# Web page caption snippets
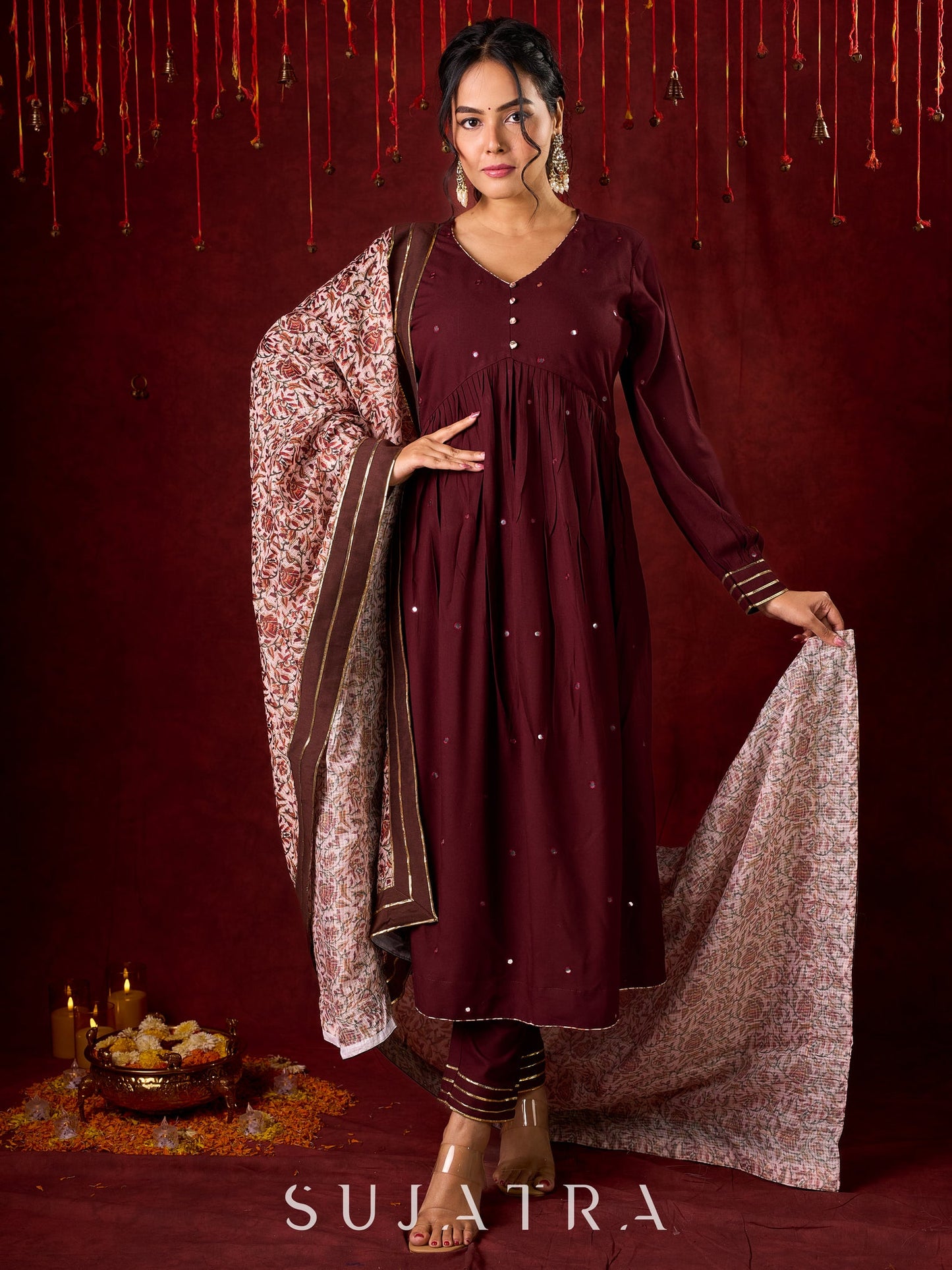 Elegant Rayon Kurta Featuring Handcrafted Mirror Embroidery - Pant and Dupatta optional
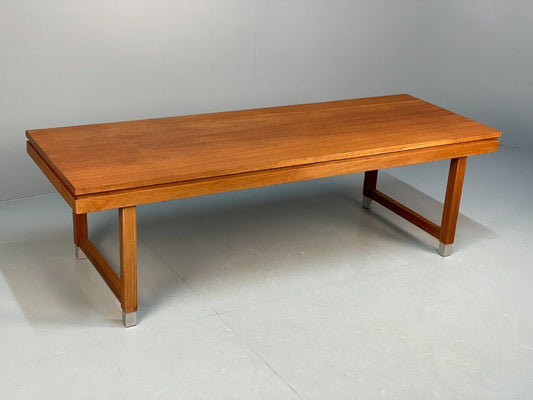 Midcentury Danish Teak Rectangular Coffee Table With Metal Feet EB8672 MWOO - UKDK FURNITURE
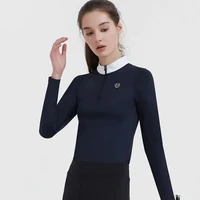 2024 Horse Riding Clothes Long Sleeve Horse Back Rider Competition Top Tees Equipment Equestrian Cotton Polo Shirts 2
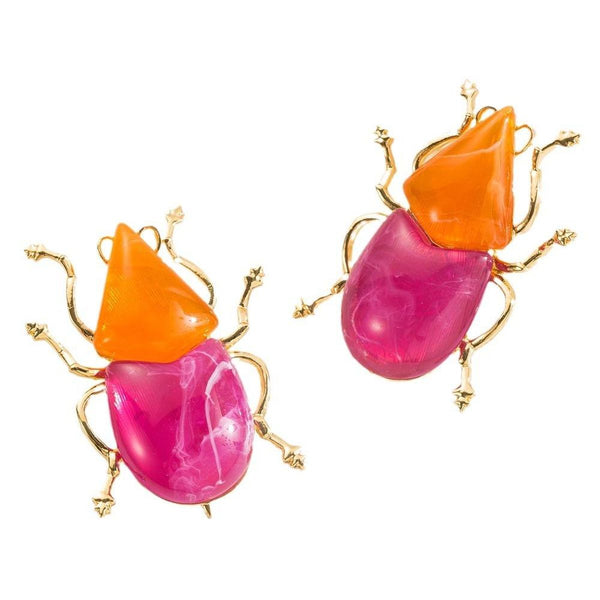 Insect Acrylic 18K Gold Pink Orange Dangler Earring For Women Secondary image
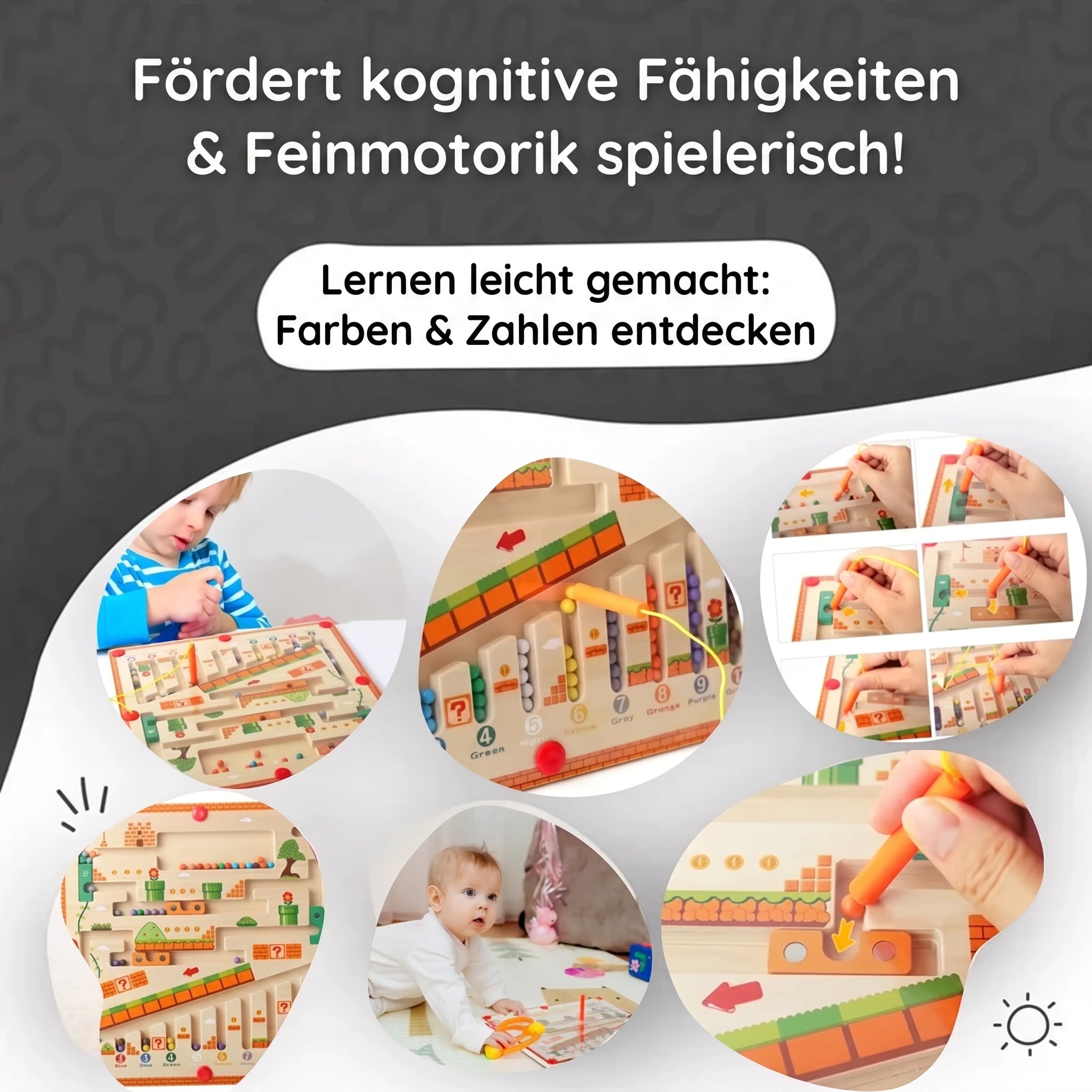 Montessori-Labyrinth aus Farben und Zahlen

# TASK STATEMENT
Lines from the one holding "Insect Acrylic 18K" to the end of the data, both ends included, are to be given again exactly; no pictures belong in the copy.

# RESPONSE TO THE TASK
 Insect Acrylic 18K Gold Pink Orange Dangler Earring For Women Secondary image
 Montessori-Labyrinth aus Farben und Zahlen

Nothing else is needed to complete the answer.